> [EXERCISE BRIEF] All records are to be restated word for word, with pictures excluded.

> [SOURCE INFORMATION]
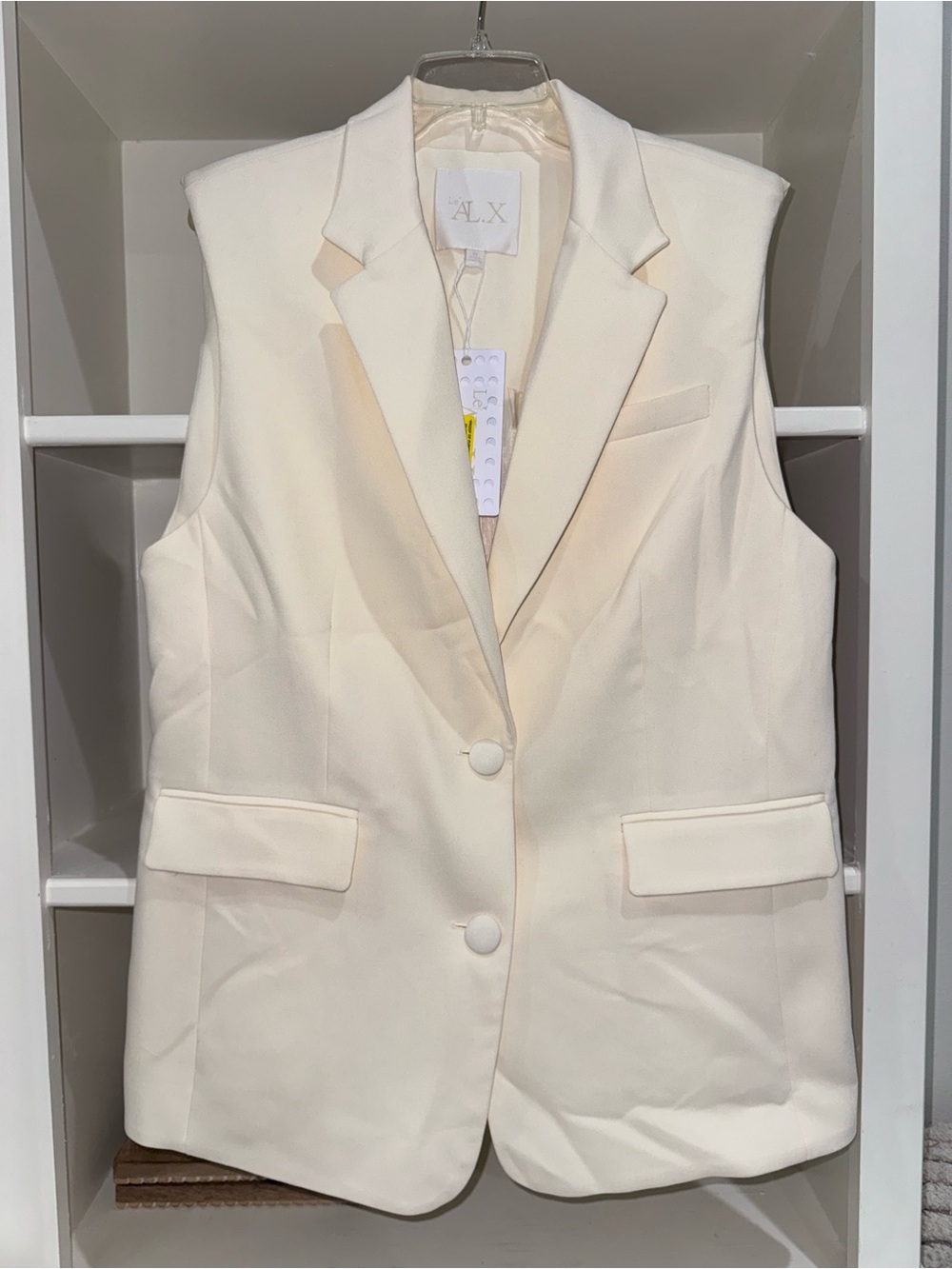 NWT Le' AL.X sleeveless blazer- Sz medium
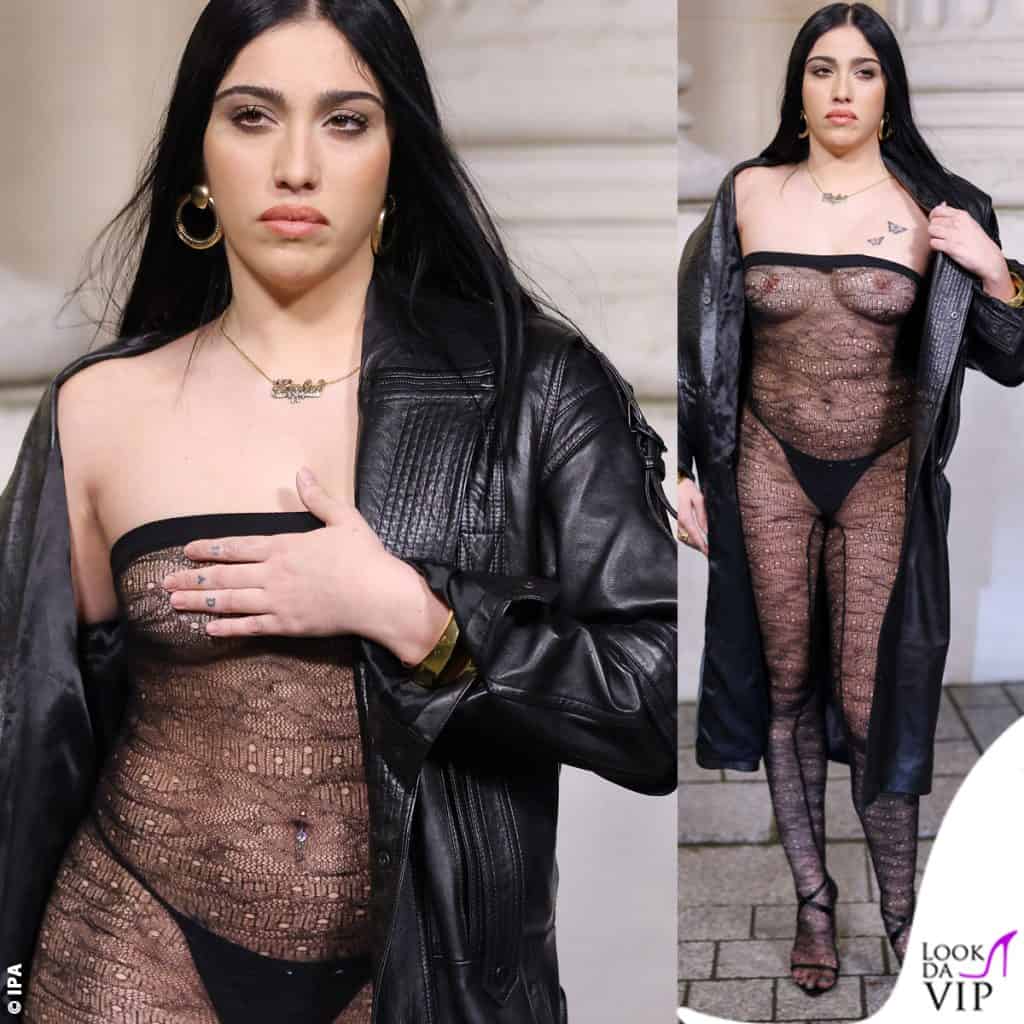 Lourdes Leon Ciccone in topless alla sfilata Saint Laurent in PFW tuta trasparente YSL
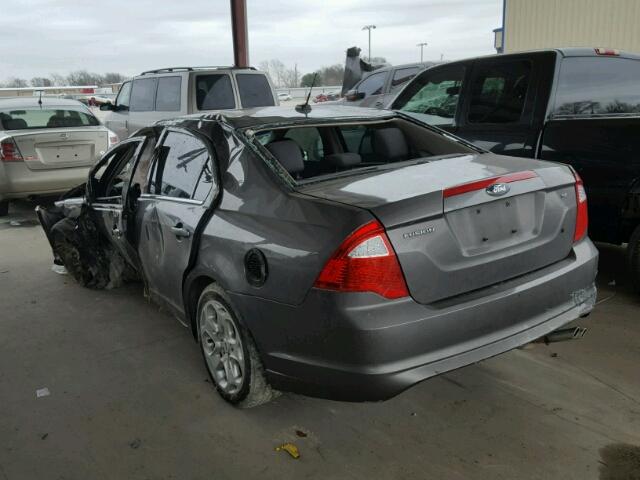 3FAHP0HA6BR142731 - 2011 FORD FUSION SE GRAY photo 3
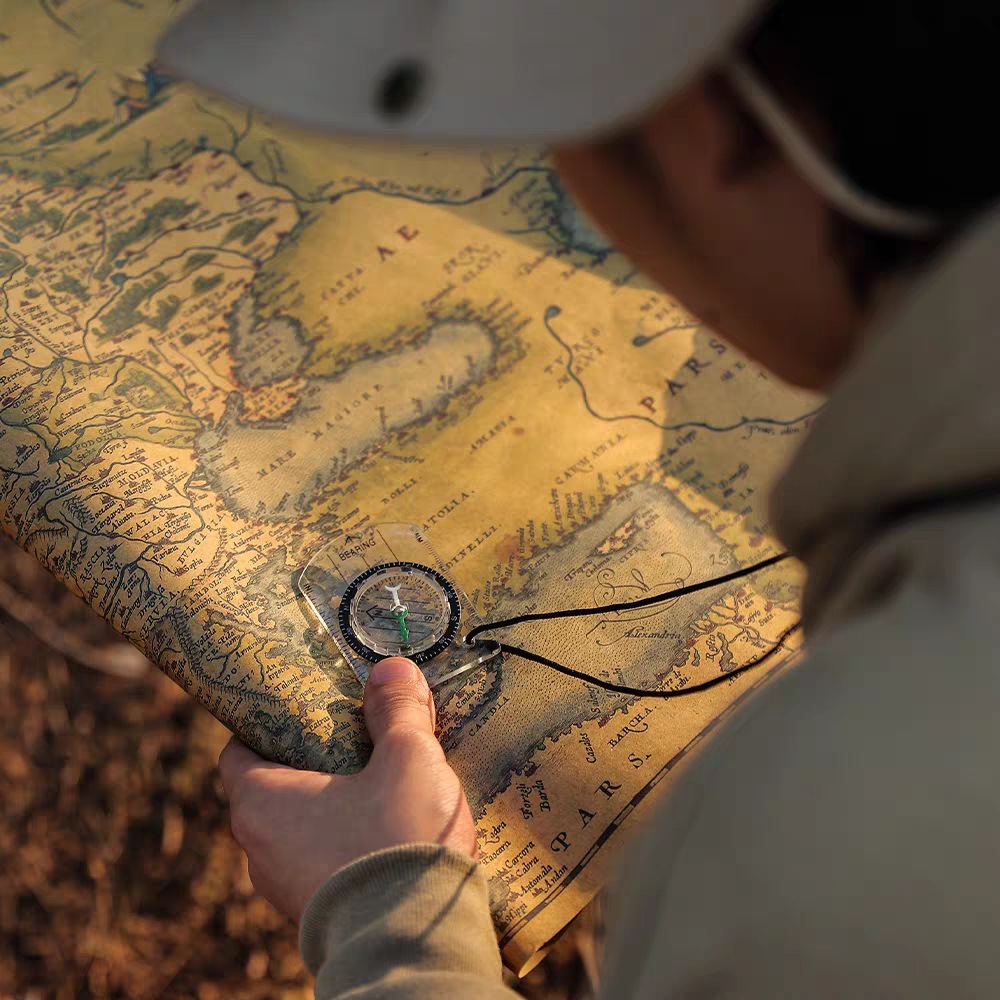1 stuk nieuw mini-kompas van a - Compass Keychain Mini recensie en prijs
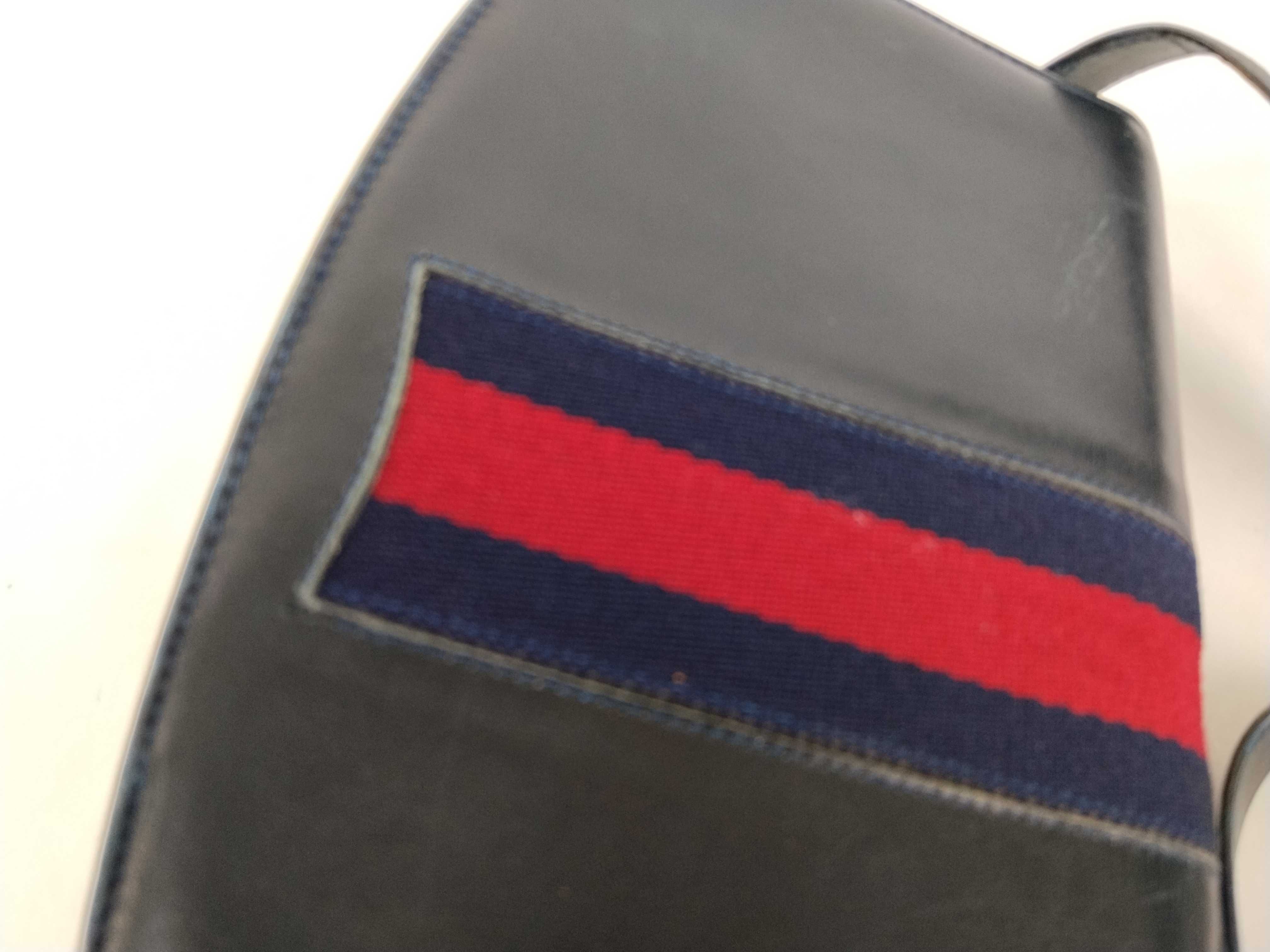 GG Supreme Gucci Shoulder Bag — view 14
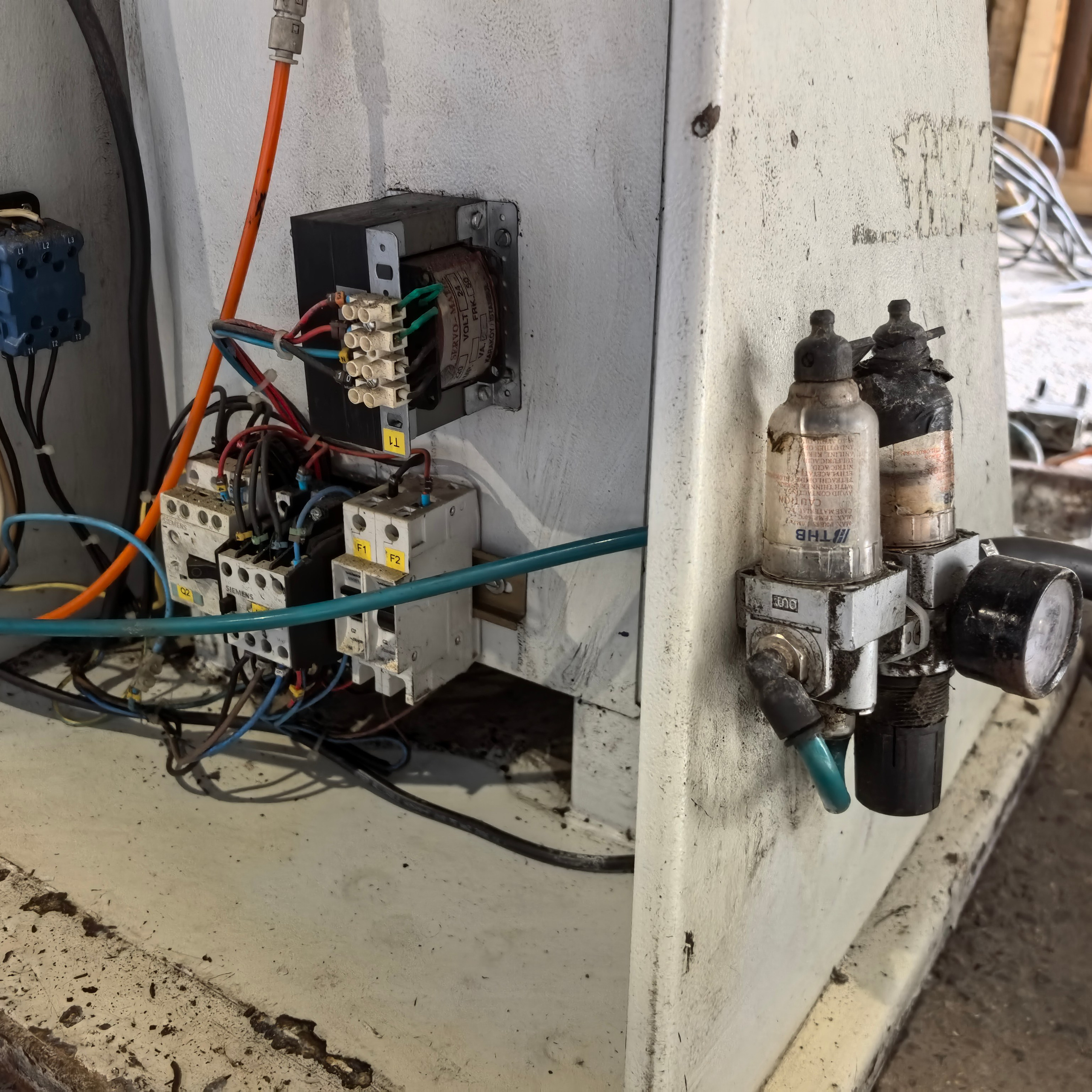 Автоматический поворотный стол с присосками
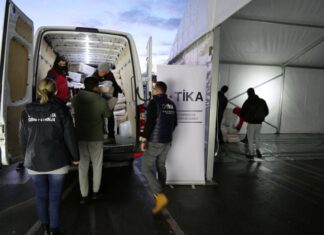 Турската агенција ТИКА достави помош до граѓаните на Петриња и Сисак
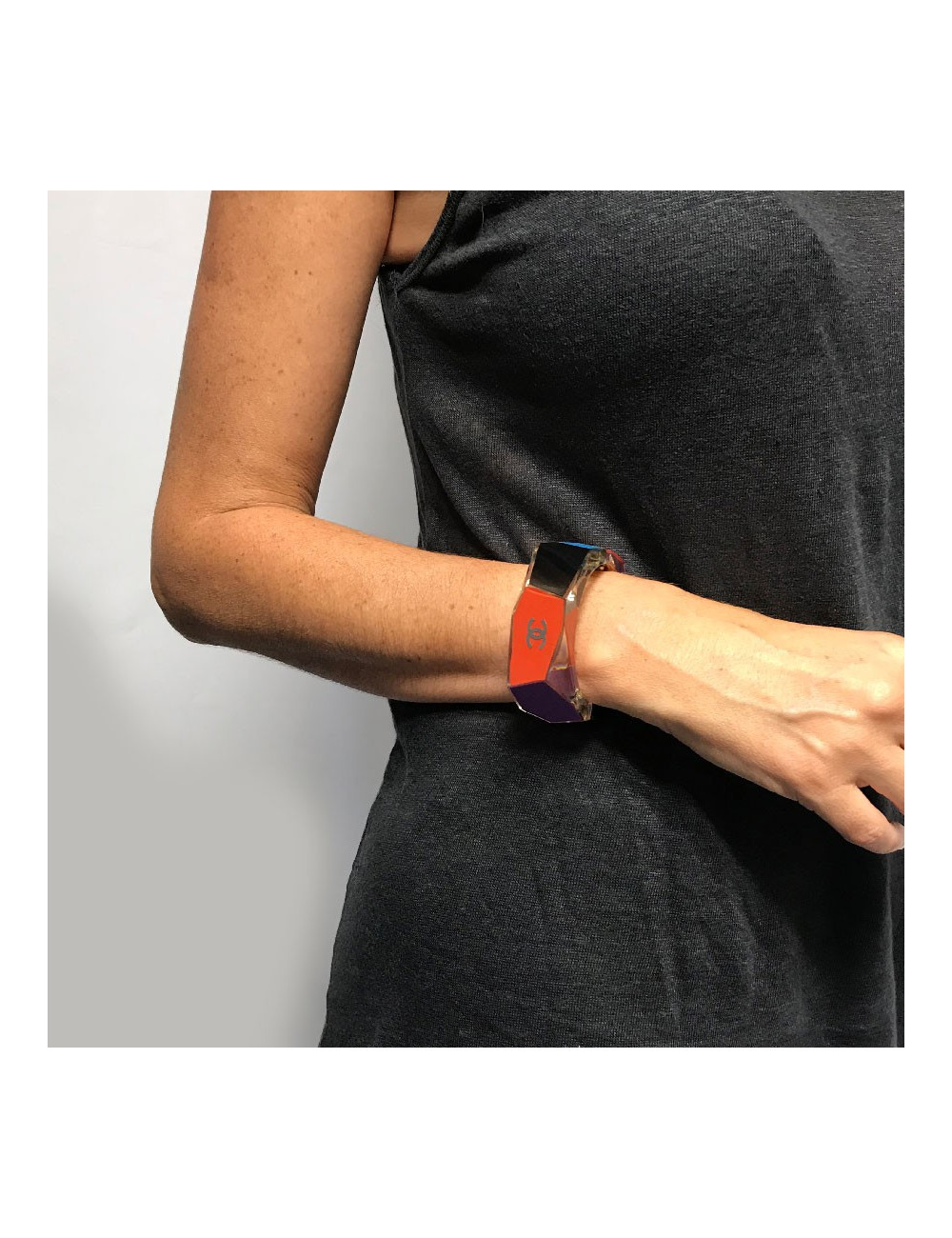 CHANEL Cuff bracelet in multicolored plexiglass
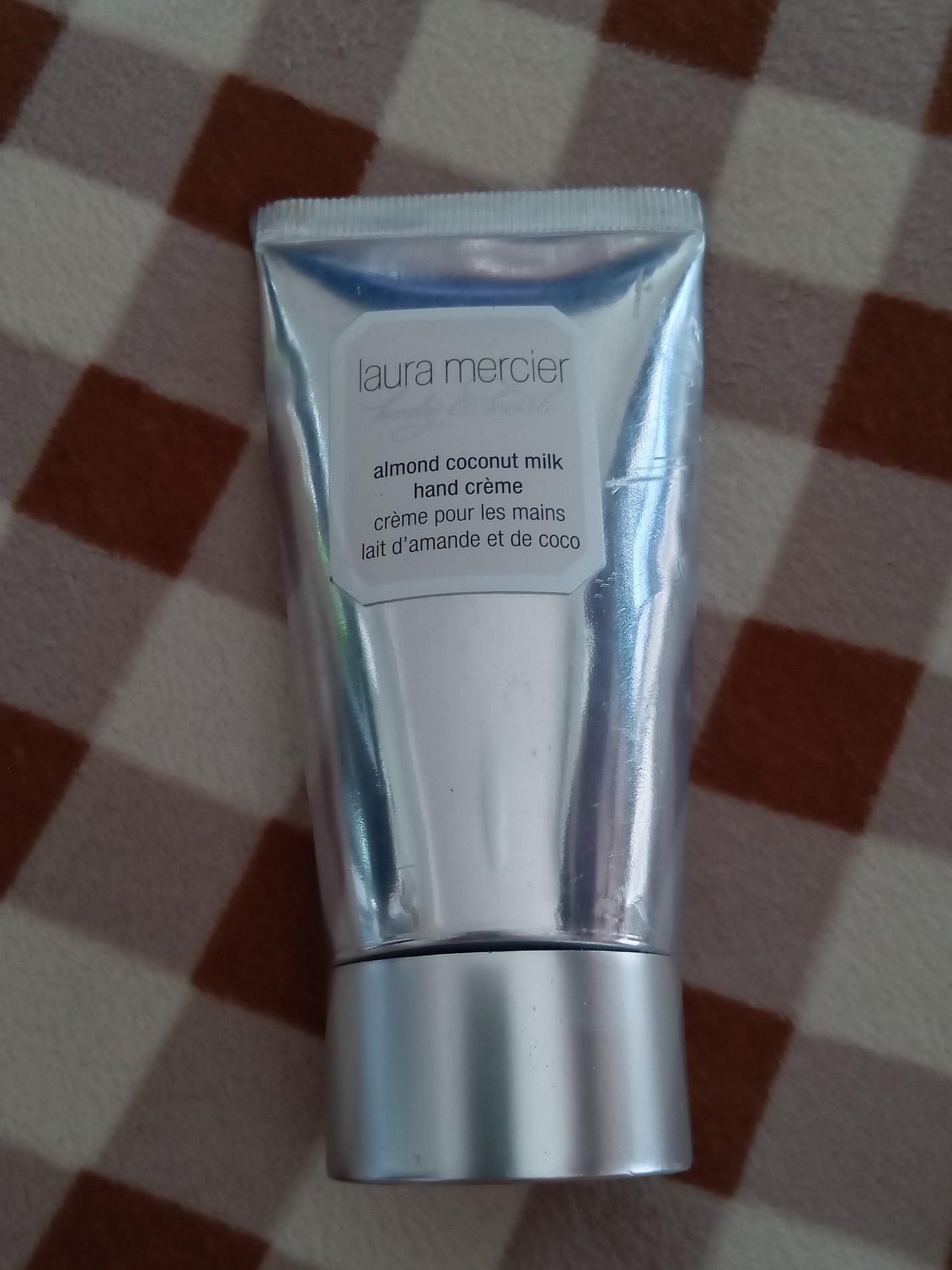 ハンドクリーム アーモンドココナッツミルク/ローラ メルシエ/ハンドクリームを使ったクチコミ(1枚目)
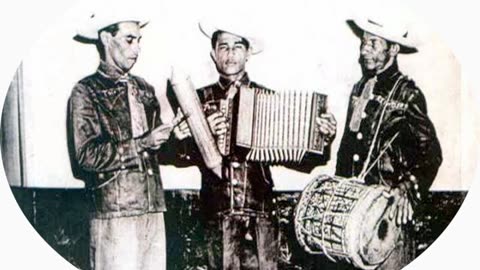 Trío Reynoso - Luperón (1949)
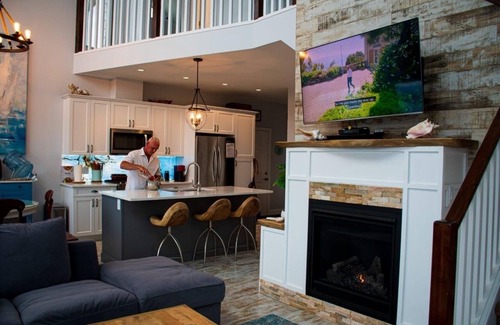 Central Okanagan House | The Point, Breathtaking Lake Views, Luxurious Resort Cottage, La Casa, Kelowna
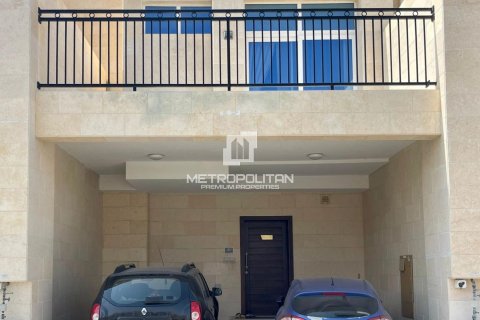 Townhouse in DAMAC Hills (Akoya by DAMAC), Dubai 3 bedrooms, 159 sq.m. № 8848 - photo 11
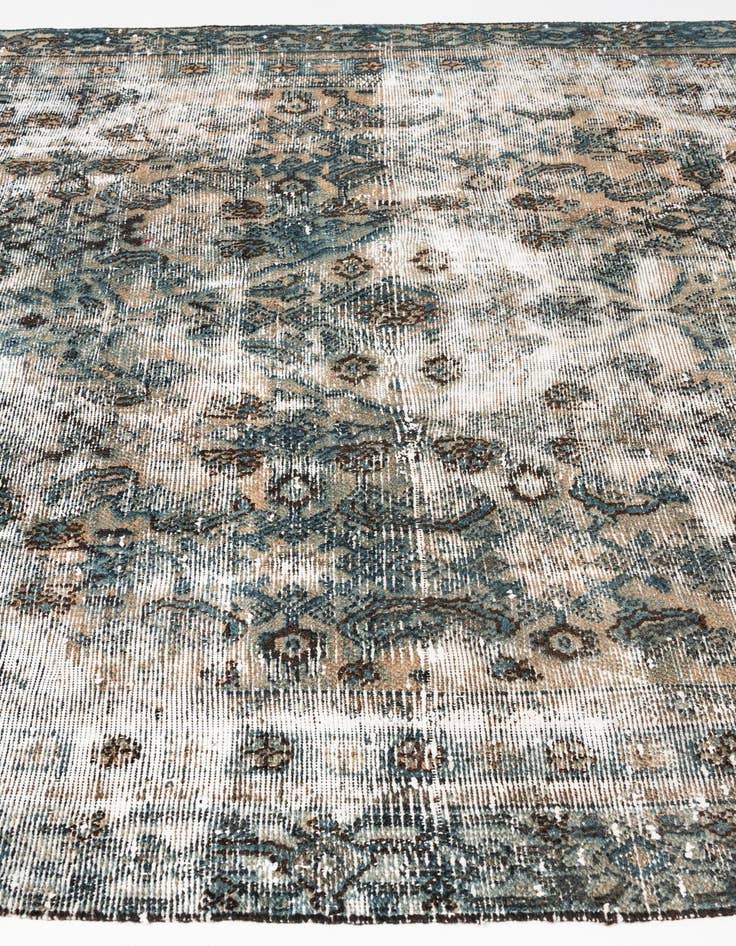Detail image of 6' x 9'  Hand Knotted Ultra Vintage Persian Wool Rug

> [SOLVED PROBLEM]
 NWT Le' AL.X sleeveless blazer- Sz medium
 Lourdes Leon Ciccone in topless alla sfilata Saint Laurent in PFW tuta trasparente YSL
 3FAHP0HA6BR142731 - 2011 FORD FUSION SE GRAY photo 3
1 stuk nieuw mini-kompas van a - Compass Keychain Mini recensie en prijs
 GG Supreme Gucci Shoulder Bag — view 14
 Автоматический поворотный стол с присосками
 Турската агенција ТИКА достави помош до граѓаните на Петриња и Сисак
 CHANEL Cuff bracelet in multicolored plexiglass
 ハンドクリーム アーモンドココナッツミルク/ローラ メルシエ/ハンドクリームを使ったクチコミ(1枚目)
 Trío Reynoso - Luperón (1949)
 Central Okanagan House | The Point, Breathtaking Lake Views, Luxurious Resort Cottage, La Casa, Kelowna
 Townhouse in DAMAC Hills (Akoya by DAMAC), Dubai 3 bedrooms, 159 sq.m. № 8848 - photo 11
Detail image of 6' x 9'  Hand Knotted Ultra Vintage Persian Wool Rug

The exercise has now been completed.